A chi altri si chiede di assecondare le tendenze del proprio tempo e insieme indovinare i tratti del classico, del sempreverde, di ciò che non invecchia e che, nei decenni, nei secoli, sopravvive intatto?
Non all’artista di talento, che può essere la chiave del proprio tempo o può morire in solitudine, perché la fortuna umana non inficia il valore di un libro, di un quadro o di uno spartito. Il vero artista intercetta l’invisibile e, per quanto possa lusingarlo, il consenso degli altri non gli è necessario. Il grande artista non appartiene al mondo.
Non all’imprenditore di talento, che deve vivere immerso nel proprio tempo per comprenderne le immediate necessità e studiarne gli sviluppi. Per quanto visionario, il suo successo è legato ai bisogni di un’epoca, si nutre del consenso di chi ne beneficia: può sì attraversare più generazioni, ma resta al servizio degli uomini e, come gli uomini, non dura. Il grande imprenditore appartiene al mondo.
All’editore letterario si chiede, invece, di andare nel mondo senza essere del mondo. Gli si chiede un’attitudine al visibile: deve esprimersi con il linguaggio del suo tempo, perché se parlasse una lingua incomprensibile, nessuno ne capirebbe il lavoro.

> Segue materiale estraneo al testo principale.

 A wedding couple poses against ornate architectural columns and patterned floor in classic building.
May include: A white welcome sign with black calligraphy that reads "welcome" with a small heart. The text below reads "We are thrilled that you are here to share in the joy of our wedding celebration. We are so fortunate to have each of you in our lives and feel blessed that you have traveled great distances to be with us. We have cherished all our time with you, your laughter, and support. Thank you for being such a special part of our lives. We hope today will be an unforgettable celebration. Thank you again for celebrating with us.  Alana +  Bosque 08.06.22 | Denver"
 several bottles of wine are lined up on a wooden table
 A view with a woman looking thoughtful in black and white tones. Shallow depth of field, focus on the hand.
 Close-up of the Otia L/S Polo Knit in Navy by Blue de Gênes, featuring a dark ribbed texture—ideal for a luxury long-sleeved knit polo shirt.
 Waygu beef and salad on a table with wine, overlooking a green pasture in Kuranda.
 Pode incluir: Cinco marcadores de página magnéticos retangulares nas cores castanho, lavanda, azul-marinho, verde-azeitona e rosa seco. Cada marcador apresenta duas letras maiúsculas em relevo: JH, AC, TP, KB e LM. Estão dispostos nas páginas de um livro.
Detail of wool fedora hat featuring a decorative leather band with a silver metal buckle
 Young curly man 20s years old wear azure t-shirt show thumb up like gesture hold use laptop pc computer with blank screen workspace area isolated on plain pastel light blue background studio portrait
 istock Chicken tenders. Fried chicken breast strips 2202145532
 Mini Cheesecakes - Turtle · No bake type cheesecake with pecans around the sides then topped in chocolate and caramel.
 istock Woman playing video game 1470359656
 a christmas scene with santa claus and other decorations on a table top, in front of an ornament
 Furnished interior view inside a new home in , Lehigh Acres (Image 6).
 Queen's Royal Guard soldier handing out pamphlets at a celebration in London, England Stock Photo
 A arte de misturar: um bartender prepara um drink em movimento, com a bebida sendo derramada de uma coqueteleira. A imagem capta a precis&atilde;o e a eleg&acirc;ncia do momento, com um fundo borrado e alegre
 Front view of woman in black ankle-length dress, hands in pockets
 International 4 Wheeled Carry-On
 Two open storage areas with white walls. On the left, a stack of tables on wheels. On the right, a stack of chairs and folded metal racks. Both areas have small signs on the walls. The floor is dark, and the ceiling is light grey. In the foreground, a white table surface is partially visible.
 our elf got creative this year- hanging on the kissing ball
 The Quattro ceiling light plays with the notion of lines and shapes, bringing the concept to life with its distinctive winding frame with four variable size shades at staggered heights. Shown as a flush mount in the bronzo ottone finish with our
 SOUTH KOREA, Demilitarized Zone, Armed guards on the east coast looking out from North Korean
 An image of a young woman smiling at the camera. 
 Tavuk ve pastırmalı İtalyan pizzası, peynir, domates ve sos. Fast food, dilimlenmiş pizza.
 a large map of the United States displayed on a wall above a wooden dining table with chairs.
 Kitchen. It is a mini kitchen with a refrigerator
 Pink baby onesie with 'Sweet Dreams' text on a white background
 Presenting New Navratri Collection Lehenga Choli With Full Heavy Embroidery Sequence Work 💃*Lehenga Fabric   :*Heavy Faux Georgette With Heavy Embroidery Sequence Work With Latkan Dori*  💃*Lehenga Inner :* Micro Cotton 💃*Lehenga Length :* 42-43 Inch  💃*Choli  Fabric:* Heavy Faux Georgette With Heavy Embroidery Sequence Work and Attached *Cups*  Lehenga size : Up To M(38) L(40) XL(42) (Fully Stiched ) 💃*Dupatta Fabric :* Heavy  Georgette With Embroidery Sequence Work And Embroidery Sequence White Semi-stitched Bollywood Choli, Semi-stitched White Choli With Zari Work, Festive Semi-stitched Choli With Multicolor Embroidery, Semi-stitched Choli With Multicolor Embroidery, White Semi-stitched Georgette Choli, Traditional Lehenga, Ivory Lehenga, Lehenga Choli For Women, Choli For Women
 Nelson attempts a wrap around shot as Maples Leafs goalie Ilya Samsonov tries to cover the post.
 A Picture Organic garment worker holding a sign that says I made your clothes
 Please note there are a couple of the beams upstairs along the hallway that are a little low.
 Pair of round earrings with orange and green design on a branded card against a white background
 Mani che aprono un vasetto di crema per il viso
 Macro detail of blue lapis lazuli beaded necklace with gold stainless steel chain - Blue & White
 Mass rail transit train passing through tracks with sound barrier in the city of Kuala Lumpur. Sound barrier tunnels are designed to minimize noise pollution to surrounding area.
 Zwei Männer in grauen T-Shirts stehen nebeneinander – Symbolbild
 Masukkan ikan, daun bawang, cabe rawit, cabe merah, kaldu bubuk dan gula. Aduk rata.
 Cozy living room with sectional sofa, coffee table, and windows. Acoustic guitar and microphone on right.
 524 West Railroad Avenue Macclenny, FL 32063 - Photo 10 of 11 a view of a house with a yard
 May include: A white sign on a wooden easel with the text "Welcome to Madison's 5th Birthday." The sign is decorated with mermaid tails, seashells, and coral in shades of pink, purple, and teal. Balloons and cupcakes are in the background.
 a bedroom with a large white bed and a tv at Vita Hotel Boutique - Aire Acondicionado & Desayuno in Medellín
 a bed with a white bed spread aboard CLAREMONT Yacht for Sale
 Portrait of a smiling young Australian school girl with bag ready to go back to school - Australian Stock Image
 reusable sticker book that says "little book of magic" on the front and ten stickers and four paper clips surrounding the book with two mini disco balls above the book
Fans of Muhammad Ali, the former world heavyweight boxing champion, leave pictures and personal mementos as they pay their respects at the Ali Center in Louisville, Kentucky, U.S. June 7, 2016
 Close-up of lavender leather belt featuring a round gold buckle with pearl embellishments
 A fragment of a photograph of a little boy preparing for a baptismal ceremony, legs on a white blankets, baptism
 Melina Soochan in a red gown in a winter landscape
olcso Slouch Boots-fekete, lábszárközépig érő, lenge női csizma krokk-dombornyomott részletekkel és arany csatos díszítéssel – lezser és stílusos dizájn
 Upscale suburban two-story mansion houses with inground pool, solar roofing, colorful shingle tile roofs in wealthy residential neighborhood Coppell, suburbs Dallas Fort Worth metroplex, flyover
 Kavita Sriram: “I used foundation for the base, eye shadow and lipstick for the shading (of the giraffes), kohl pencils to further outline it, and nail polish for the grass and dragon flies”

E per l’editore, come per chiunque vada nel mondo, essere compreso è sinonimo di essere. Al contempo, però, la sua ricerca deve scalfire la corazza del transitorio e affondare nell’universale. Non è un editore letterario chi, perdendosi nell’invisibile, non riesce a trasportarlo nel mondo; ma neppure è un editore letterario chi, perdendosi nelle sole dinamiche del visibile, dimentica che un vero libro sopravvive agli occhi che l’hanno letto. O non è un libro.
“È un’utopia!”, qualcuno starà pensando. Forse lo è. Ed è per questo che Utopia si chiama così.